Yes, absolutely. I just keep thinking, ‘Will I be able to think of anymore?’ I fear I am clinging on by my fingernails in this business anyway at the age of sixty-one, and you think; ‘They have probably seen the best of it’. It gets harder and harder to sell something new and to write something new; to think of something that hasn’t been done before and doesn’t conform to the prescriptive requirements that controllers and channels and networks tend to have upfront now, they tend to have a definite view of what they want. Obviously something like Jonathan Creek was a pre-existing property and doesn’t fall into that category.

Do you think you would have to kill Jonathan Creek off in the same way you did to Victor Meldrew to give it that definitive end?

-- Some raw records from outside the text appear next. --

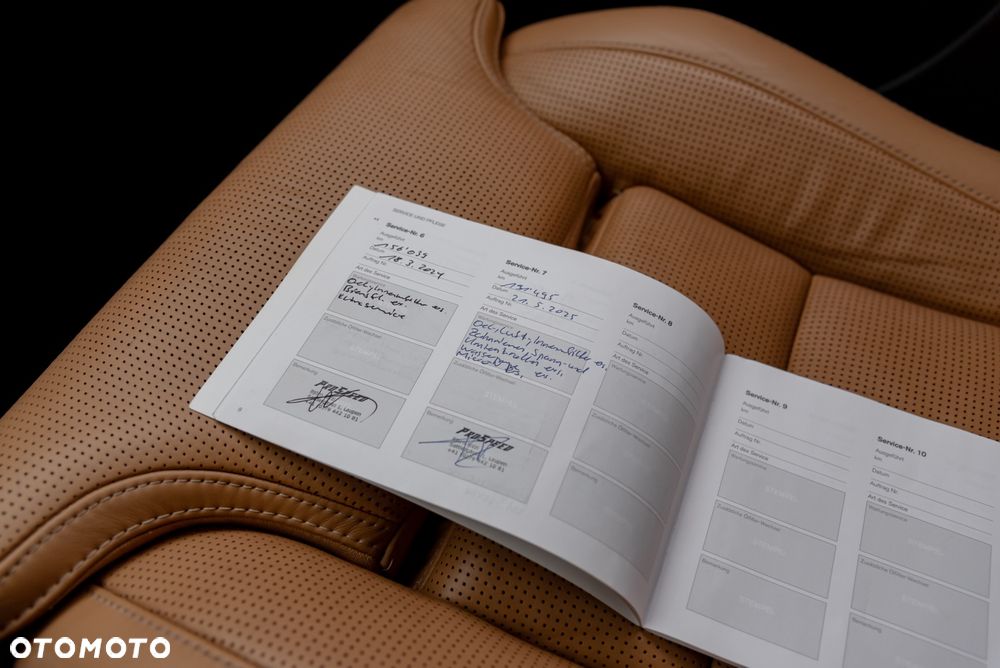 Volvo V90 Cross Country D5 AWD Geartronic Pro - 39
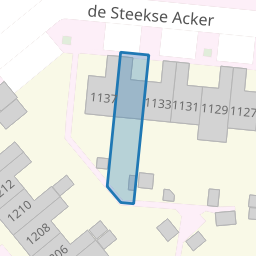 Perceel NBH00-K-3039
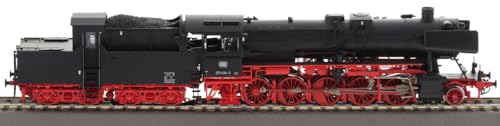Locomotive à vapeur 051 494-3 DB Ep.IV AC son H0 7120010 pour modélisme ferroviaire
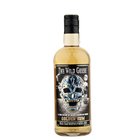 Wild Geese Golden rum 0.7L 37.5%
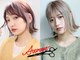 アティラン 上尾店(Attirant)の写真/【似合わせ×トレンド】から可愛いもカジュアルも◎一人ひとりに似合う似合わせデザインカラー♪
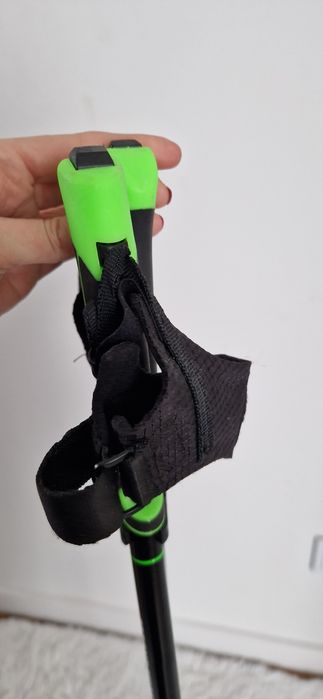 Komperdell kijki nordic walking  105 cm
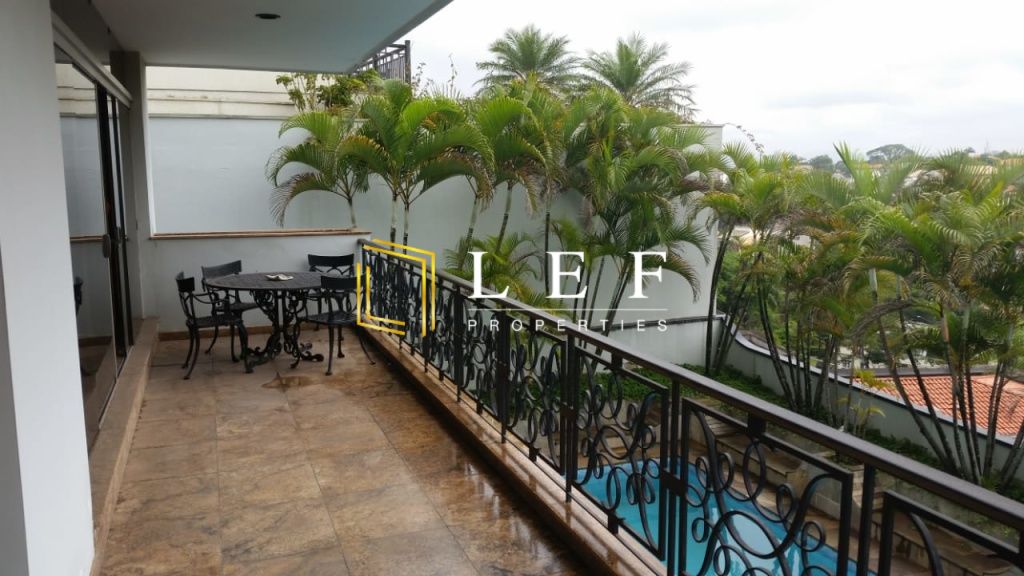 Lef Properties
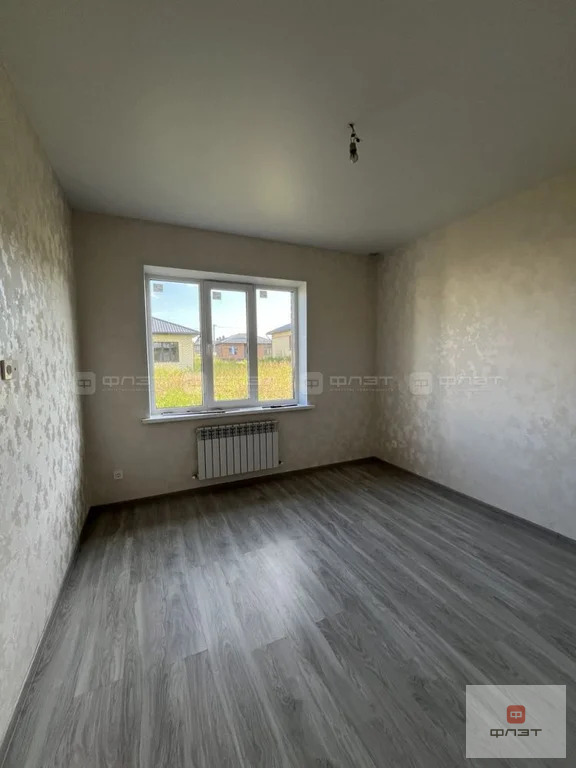 Продажа дома, Шигали, Высокогорский район, ул. Цветочная - Фото 10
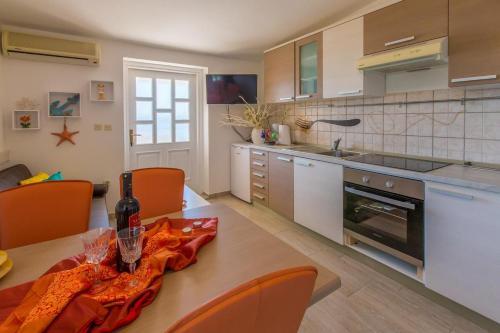 Apartamentos Janja C.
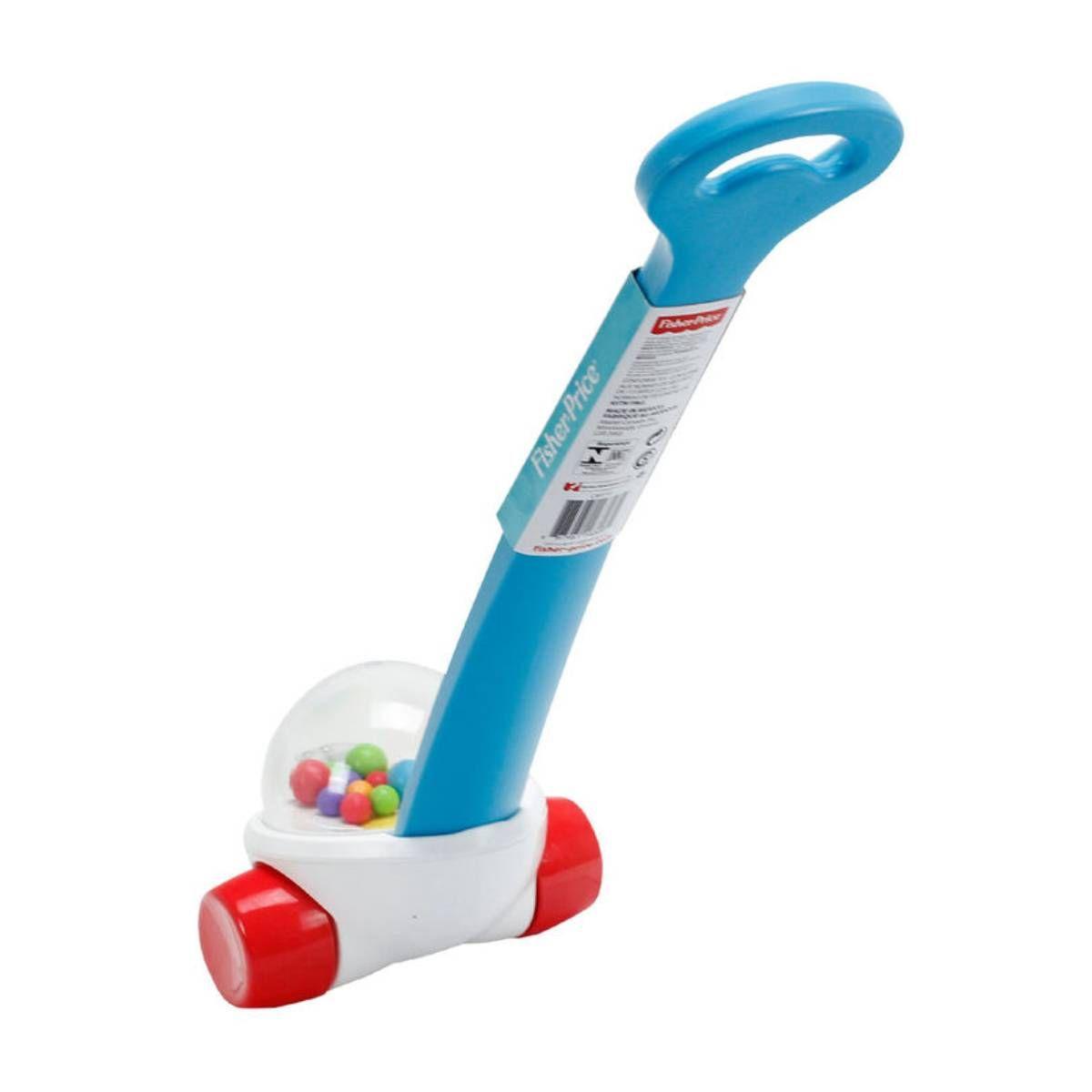 Fisher Price Corn Popper-4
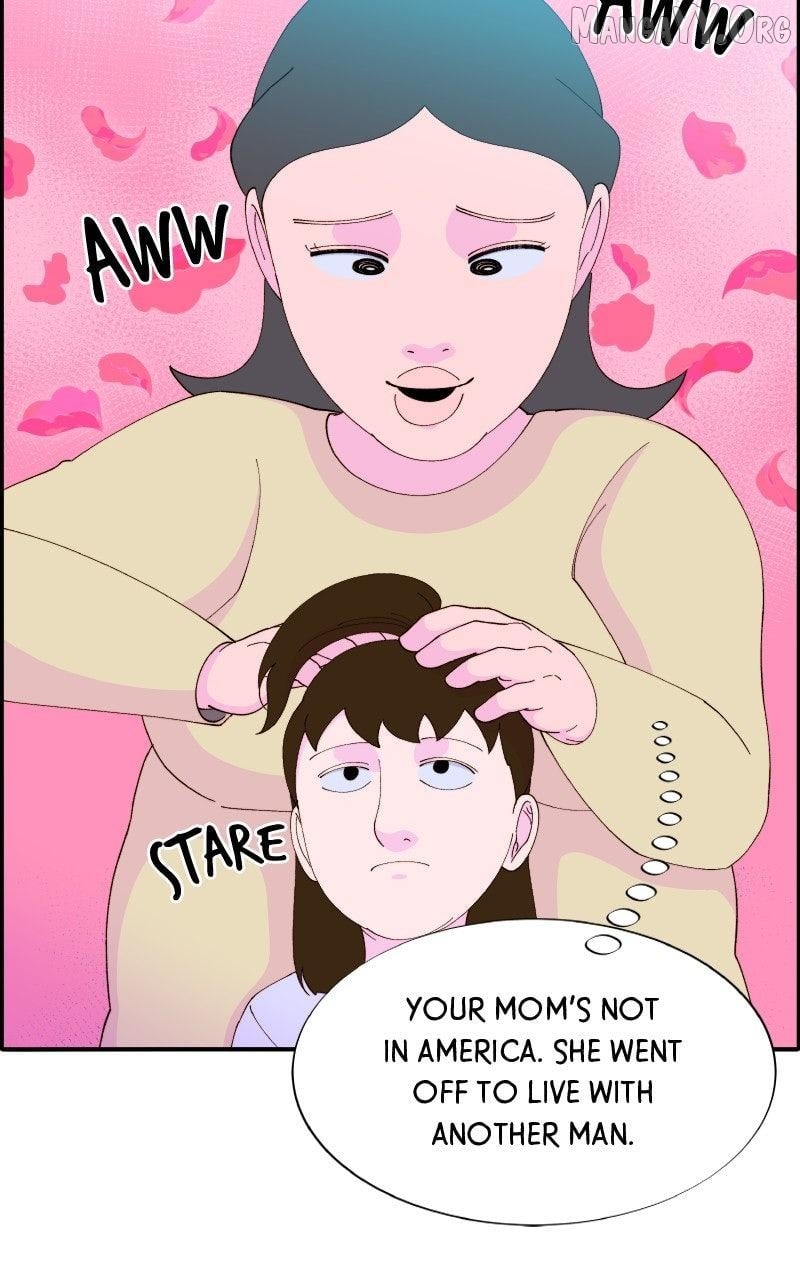 Momfluencer Chapter 54 - page 26
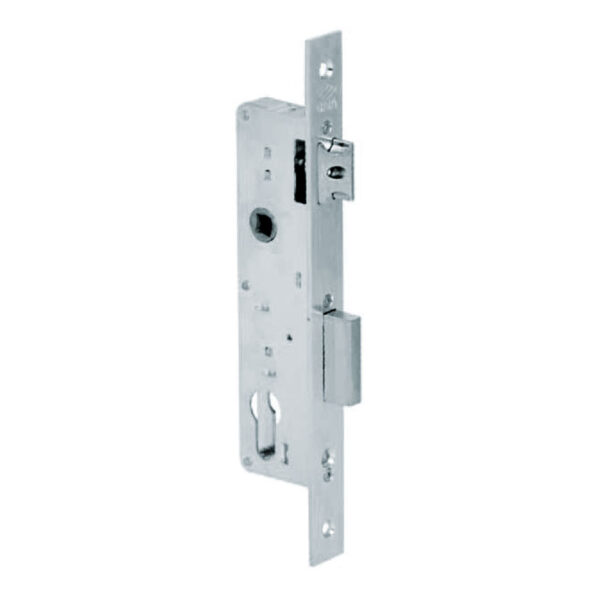 Cerradura embutir carpintería metálica CISA 44661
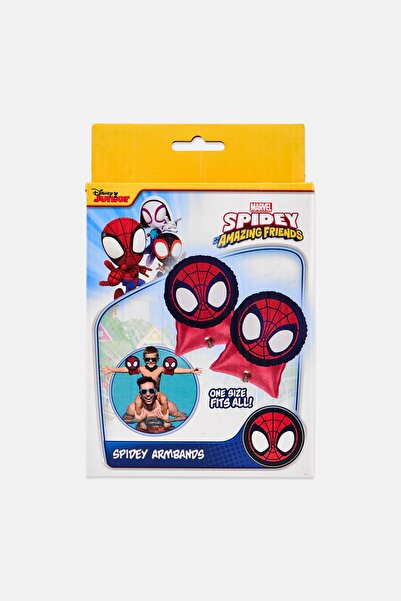 Eolo Disney Junior- Marvel Spidey And Amazing Friends -3D Armbands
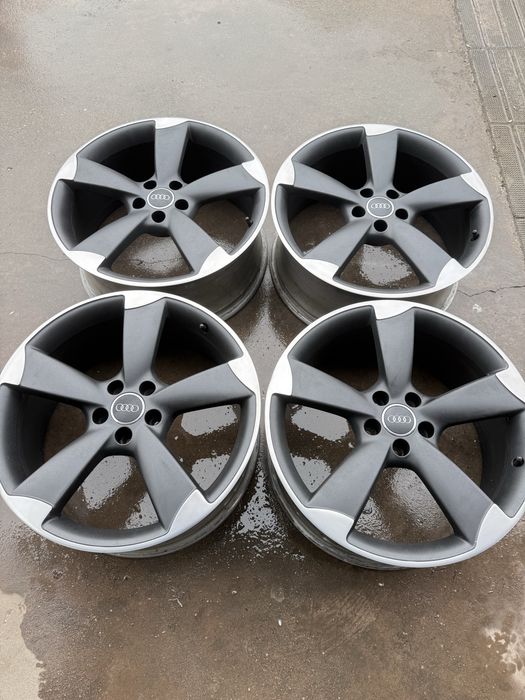 Оригинални джанти за ауди 20”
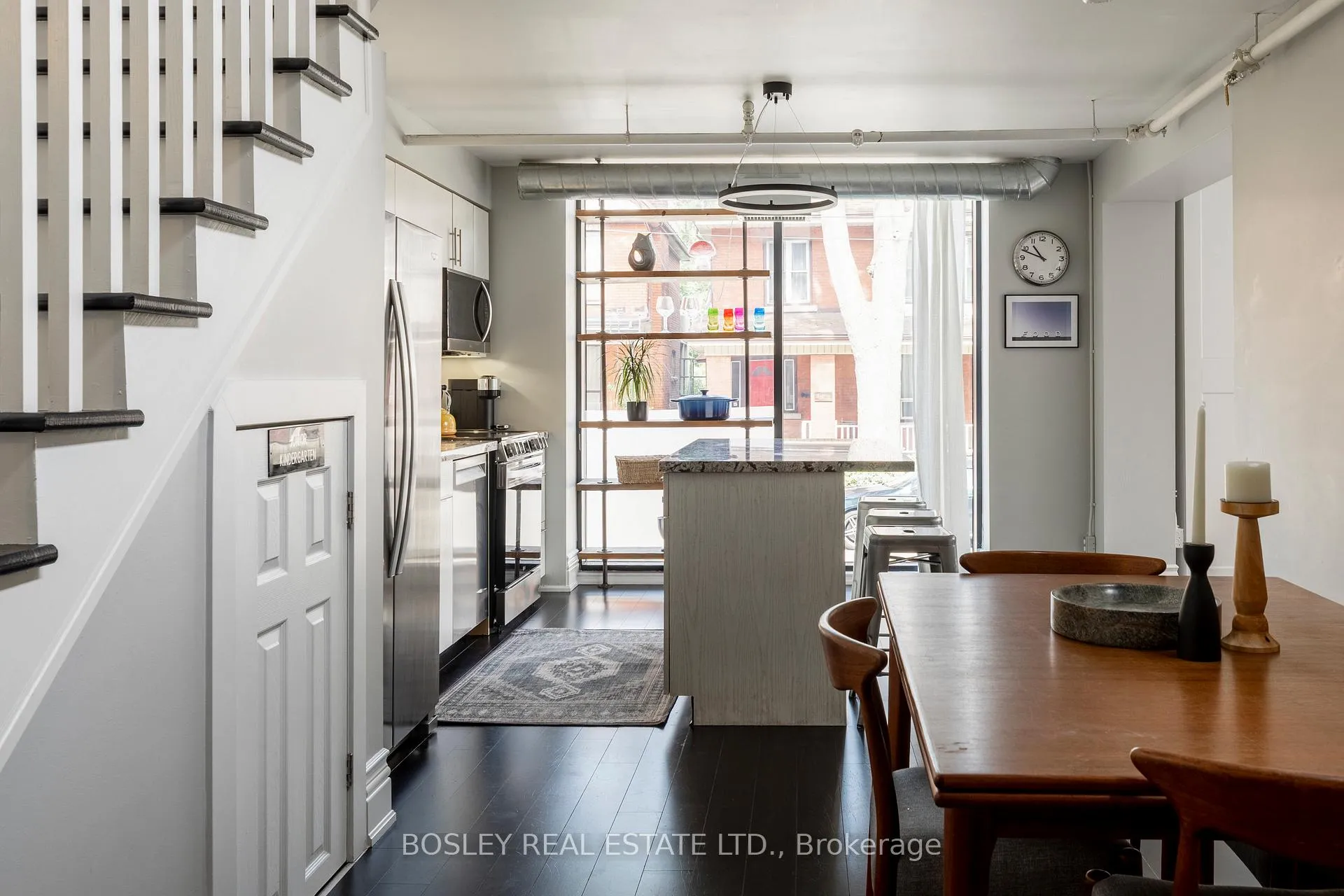 Photo 12 of Unit 217, 200 Stinson Street, Hamilton, Stinson — HOMEH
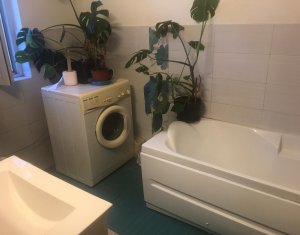 Lakás 1 szobák kiadó on Cluj-napoca, Zóna Grigorescu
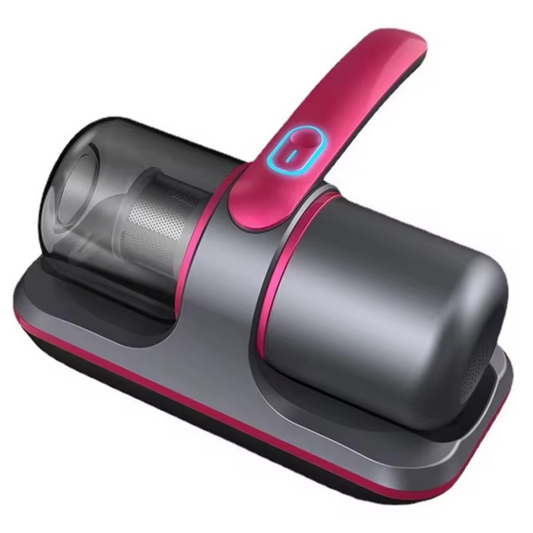 Portable UV Mite Remover Vacuum for Beds & Sofas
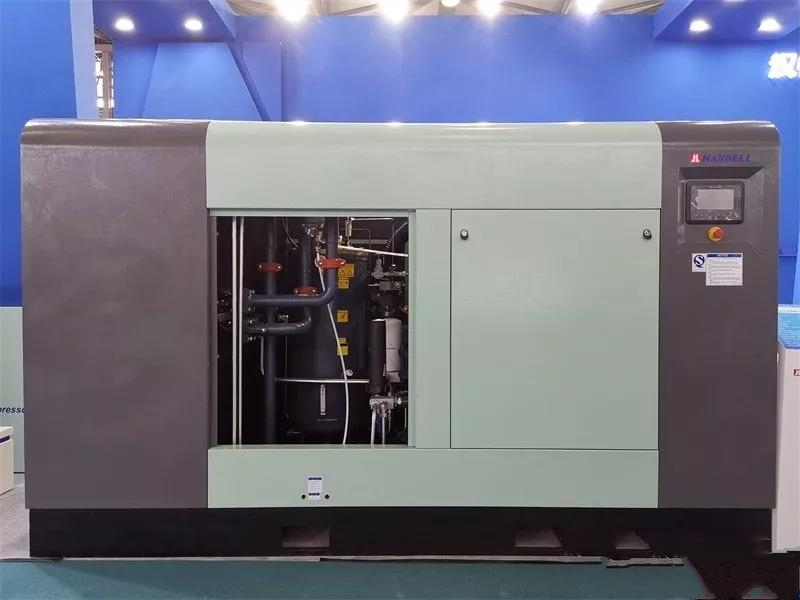 2019压缩机展会新产品了解一下！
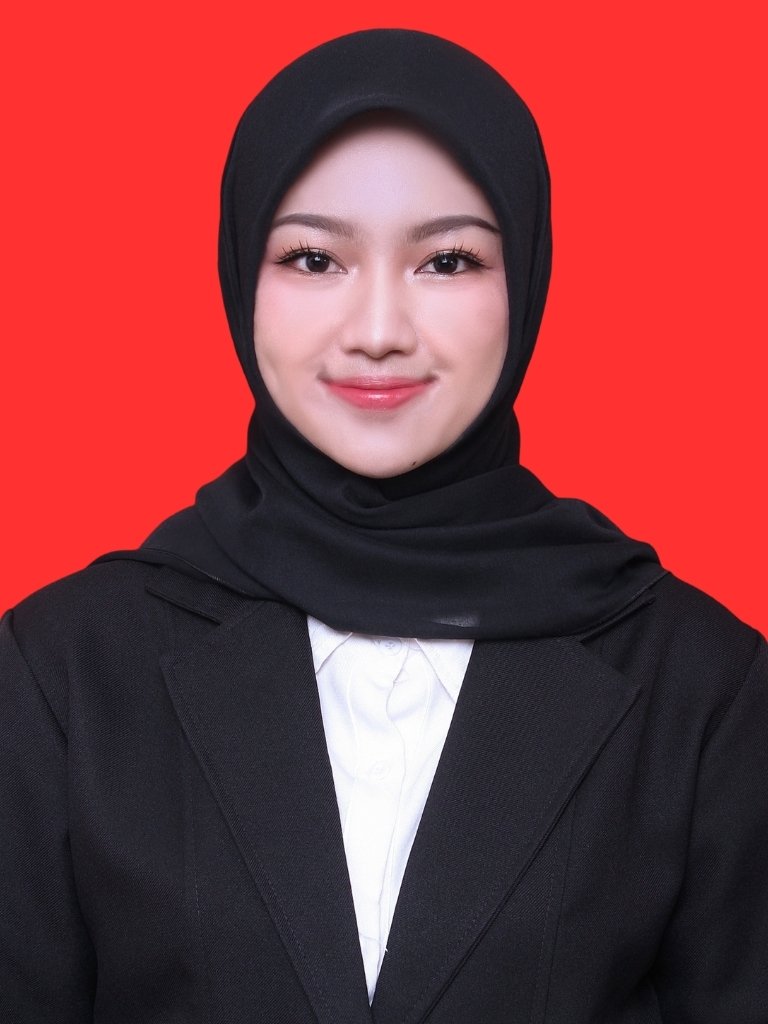 Kisti Himayati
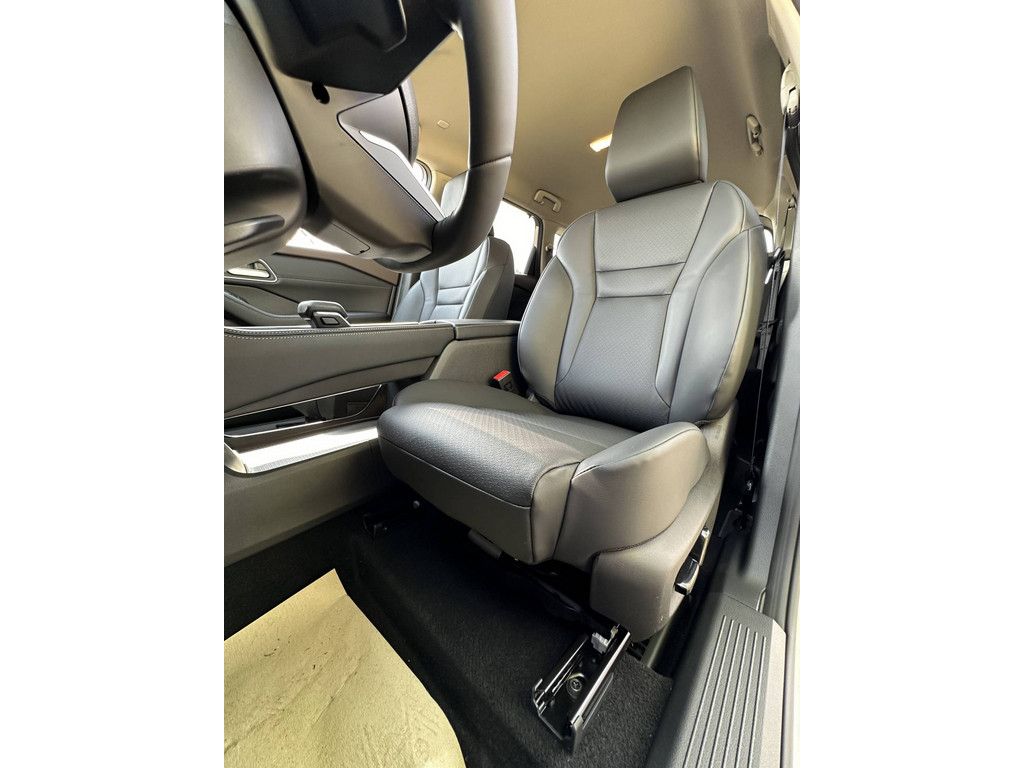 Nissan X-Trail 2024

I think that might be a bit of biting the hand that feeds you. Alan always joked that he hadn’t been run over in a car by Hannah Gordon so he felt there was a possibility it might be brought back. I don’t know, I don’t rule anything out particularly. That was a different age of TV though, it was in an age where people would always say ‘Are you going to do any more One Foot in the Grave’. I hadn’t done anything apart from a Christmas Special in five years and people were talking about a ‘One Foot in the Millennium’ special which I didn’t fancy doing. I felt if I did anything I would like to do another series but it would be the last series and I will kill him at the end! So that was how that came about.

David Renwick, thank you very much!

Jonathan Creek Easter Special, The Clue of the Savant’s Thumb, airs on BBC One on Easter Monday the 1st of April at 9pm.